* Work instruction
In the listing that follows, the lines starting at the one containing "VERSACE VE2161 GLAM" and ending at the one containing "Zeynep Sıradağlı Preslie" are to be returned exactly, both boundary lines included, and no others.

* Supplied records

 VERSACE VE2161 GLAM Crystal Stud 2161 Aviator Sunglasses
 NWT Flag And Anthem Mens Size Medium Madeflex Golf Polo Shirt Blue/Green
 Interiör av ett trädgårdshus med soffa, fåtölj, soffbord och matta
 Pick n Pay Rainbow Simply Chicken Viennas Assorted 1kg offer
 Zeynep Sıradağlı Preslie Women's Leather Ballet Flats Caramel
--
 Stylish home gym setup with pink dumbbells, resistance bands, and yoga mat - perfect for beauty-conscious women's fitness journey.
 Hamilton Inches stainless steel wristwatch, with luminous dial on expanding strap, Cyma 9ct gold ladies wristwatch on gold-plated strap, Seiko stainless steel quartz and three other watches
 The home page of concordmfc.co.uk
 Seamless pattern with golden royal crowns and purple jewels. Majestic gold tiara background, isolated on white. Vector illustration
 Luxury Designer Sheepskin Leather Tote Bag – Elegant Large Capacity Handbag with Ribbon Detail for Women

* Task answer
 VERSACE VE2161 GLAM Crystal Stud 2161 Aviator Sunglasses
 NWT Flag And Anthem Mens Size Medium Madeflex Golf Polo Shirt Blue/Green
 Interiör av ett trädgårdshus med soffa, fåtölj, soffbord och matta
 Pick n Pay Rainbow Simply Chicken Viennas Assorted 1kg offer
 Zeynep Sıradağlı Preslie Women's Leather Ballet Flats Caramel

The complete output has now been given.